Comment by locknitpicker

10 hours ago

> Maybe it's weird but I'd rather give up that 4% accuracy increase than roleplay a dickhead

I recommend reading the article. What they classify as "rude" is statements such as:

> Try to focus and try to answer this question

> Could you please solve this problem

This might very well be an issue of direct/command prompts vs using fluff words such as "please". Things like "try to focus" are in line with the style used in chain-of-thought promts that nudge non-reasoning models to outline responses step by step which contribute to frame the problem.

4 comments

locknitpicker

bcjdjsndon 6 hours ago

Isn't all this massively dependent on what they trained the llm on?

locknitpicker 2 hours ago

> Isn't all this massively dependent on what they trained the llm on?
The article is from 2025 and tested ChatGPT 4o. I haven't read anything suggesting it was trained any differently, and command-style prompts indeed have higher signal.

john_strinlai 5 hours ago

you cherry-picked like the nicest "rude" example to bolster your point.

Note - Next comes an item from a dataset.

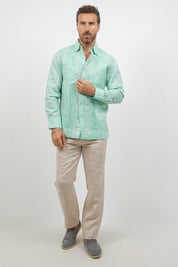 Multi-Pleat Linen Guayabera Long Sleeve Two Pocket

"You poor creature, do you even know how to solve this?", "If you're not completely clueless, answer this:", and "I doubt you can even solve this", said to a human, would be considered quite rude, and get you flagged very quickly on HN.

locknitpicker 2 hours ago

> you cherry-picked like the nicest "rude" example to bolster your point.
I didn't cherry-picked. The article lists 5 categories, including rude and very rude. I omitted very rude comments because they are... Very rude. And can blindly get people flagged?
Nevertheless, I've just realized I made a mistake and very rude comments are reported to slightly outperform rude comments. I misinterpreted the paper's intro and I presumed they didn't.